Along with the presence of God, I wonder to what degree, if any, fate exists.  I used to think that each little piece of my life was like a puzzle piece, and that the pieces would fit together for a reason.  Now, I’m not so sure.  For example, did I move to Texas because I was destined to meet my husband, Mark?  I don’t think so.  However, I do at times reflect upon the small, seemingly meaningless choices that led me to where I am right now.  If, when confronted with the choice between taking Spanish or taking French in 7th grade, I had chosen French, perhaps my whole life would have turned out differently.  That one decision, seems to have contributed to many of the major life events that I have experienced.  I chose Spanish.  I majored in Spanish, I studied abroad in Spain, and I ranked the Rio Grande Valley region as my first preference on my Teach For America application partly because of my interest in utilizing my Spanish language skills.  So, did it all happen for a reason?  Did I choose Spanish because I was destined to make my life here?  I’m not sure I would go that far. 

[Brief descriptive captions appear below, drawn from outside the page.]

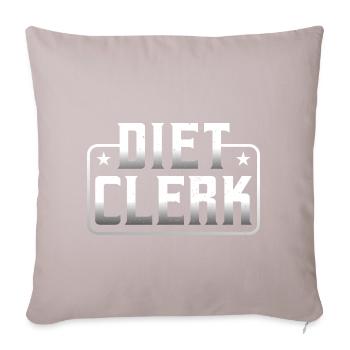 Diet Clerk - Sofakissenbezug 45 x 45 cm - helles Taupe - Vorne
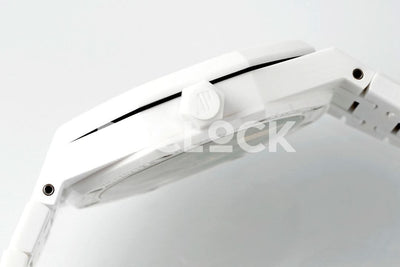 Royal Oak 41mm 15500 White Ceramic/Cer Black Dial APSF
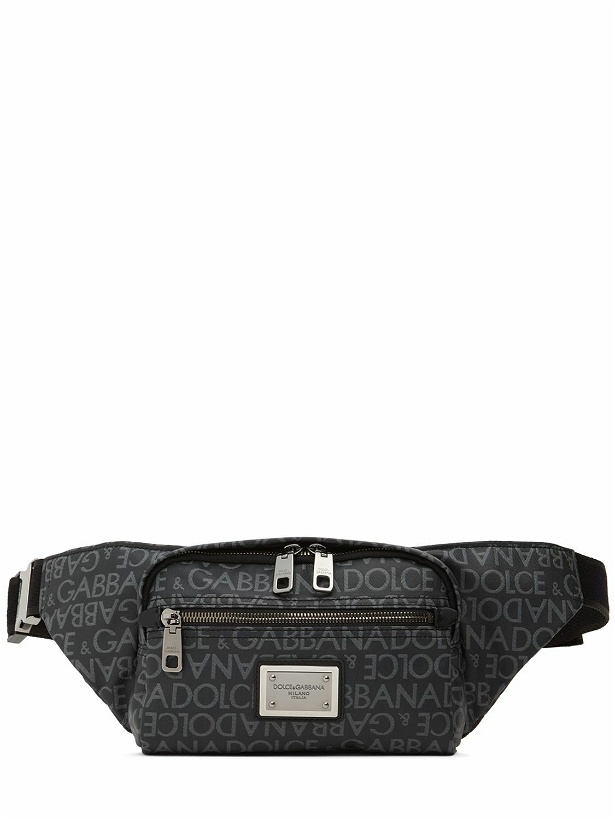 Photo: DOLCE & GABBANA - Logo Jacquard Belt Bag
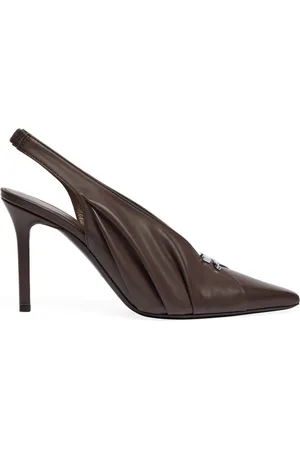 Courrèges Drapierte Slingback-Pumps 90mm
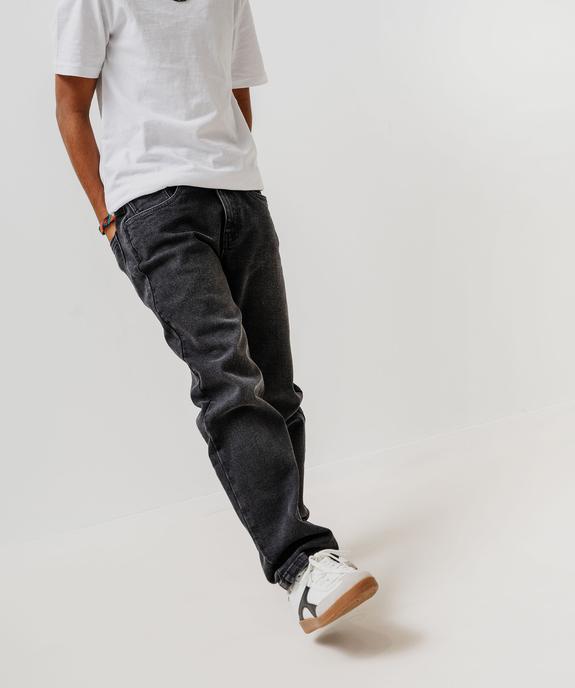 Jean loose avec ceinture ajustable garçon vue10 - GEMO (JUNIOR) - GEMO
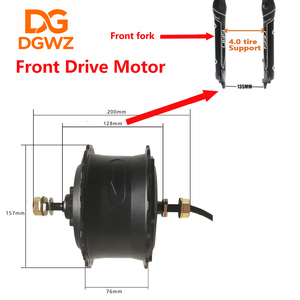 135mm 48V 52V 750W <strong>1000W</strong> Fat <strong>Ebike</strong> Electric Bicycle Front Drive Geared Hub Motor - Product Image 4
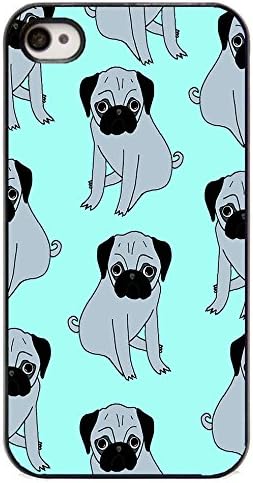 Pug Dog Pattern Girls Teens IPhone 4 / iPhone 4S Case ThinShell Case Protective iPhone 4 Case
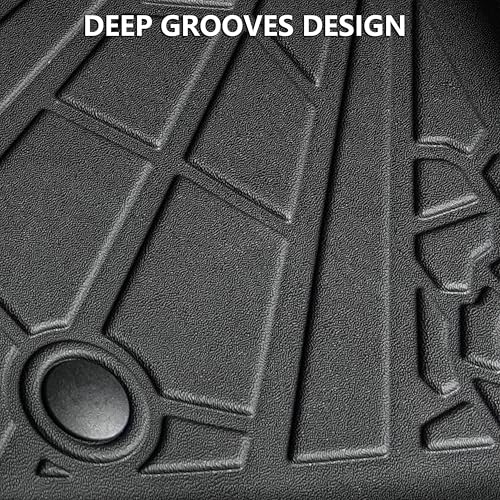KARPAL Floor Mats Trunk Liner fit for 2018-2025 Jeep Wrangler JL Unlimited 4 Door (Not for JK/4XE), Front & 2nd Row, TPE All Weather Protection Custom Fit Car Mats (Sahara, Rubicon, Willys, Sports) - style: 2018-2025 | For Jeep JLU | Full Set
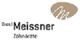 Logo der Dres. Meissner Zahnärzte mit stilisiertem Zahnmotiv in Braun.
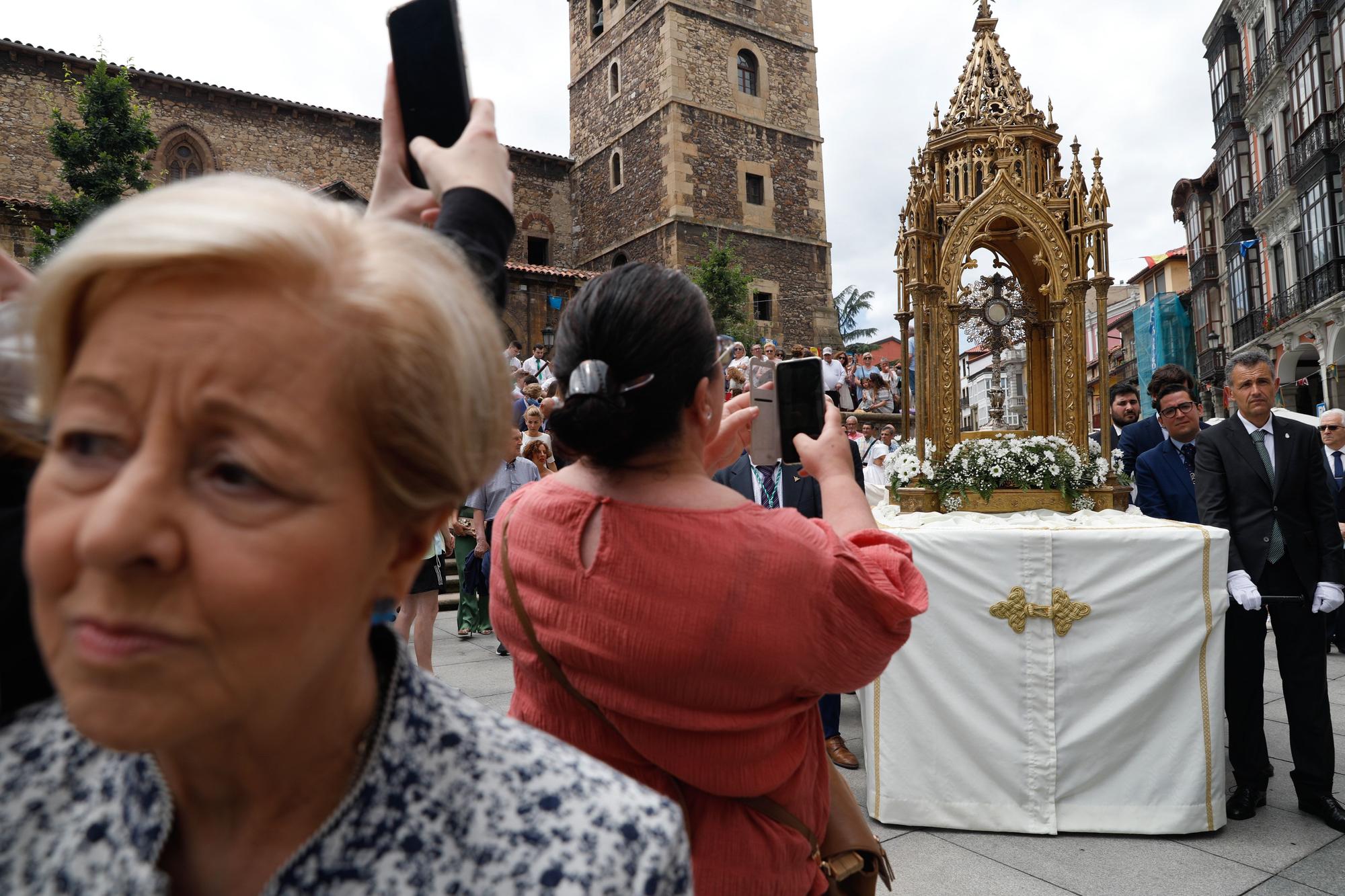 Así fue la fiesta del Corpus en Avilés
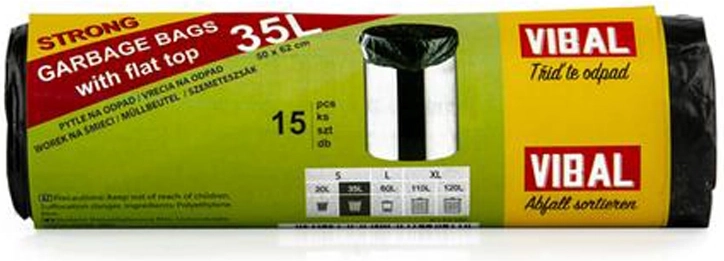 Prügikotid 35 l, 15 tk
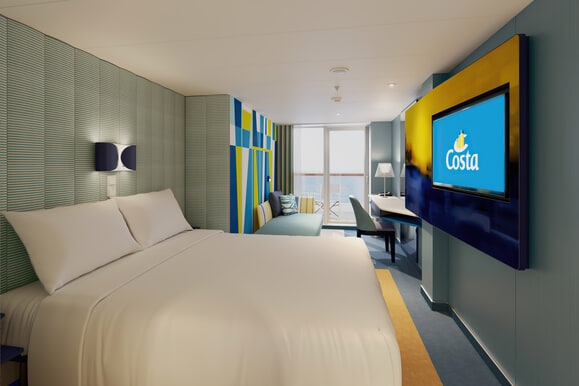 MyCruise Costa-Cruises Toscana Kahytter Balkon BX4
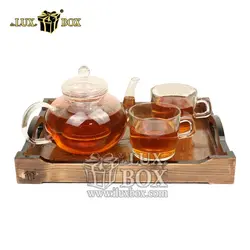 سینی پذیرایی چوبی لوکس باکس کد LBL504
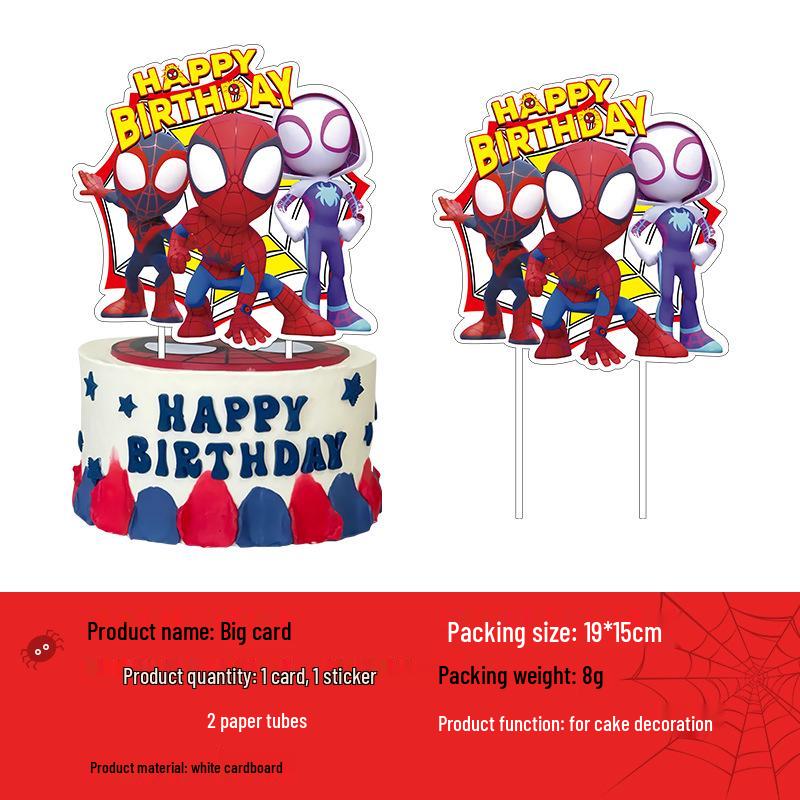 Hot-Selling Spider-Man & Friends Disposable Plate Set with Balloon Decorations for Parties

I do feel that the decisions we make add up to make the lives we lead.  I guess this is different from the concept of fate.  I, after all, was the one to make each of those decisions.  But, it still makes me wonder at the amazing importance of the many choices we make along the road of life.  We are in control of our futures.  This comforts me more than the idea that God has a plan for us laid out, a plan over which we have little control.
Because of my lifetime spent in the Unitarian Universalist community, I feel comfortable with my questions and my evolving religious identity. I enjoy thinking about these concepts, like the existence of God and the reason things happen. My more recent move toward agnosticism/atheism can still fit into UUism, and, as a UU, I feel I can still honor my family's backgrounds, both the Irish Catholic Doyles and the Eastern European Jewish Litvins.

I feel very lucky to have been raised in an amazing, supportive, liberal, open-minded congregation in Cohasset.  Now, as an adult, I truly appreciate having rediscovered UUism as an adult, here at the UUFHC.   No matter one’s individual beliefs or backgrounds, whether he or she was raised Jewish, Catholic, Protestant, Muslim, Hindu, or atheistic, all religious journeys are welcomed by our faith.  While this can make our religion a difficult one to define, the diversity of UUism makes it richer and gives us great potential for affecting change in the world. 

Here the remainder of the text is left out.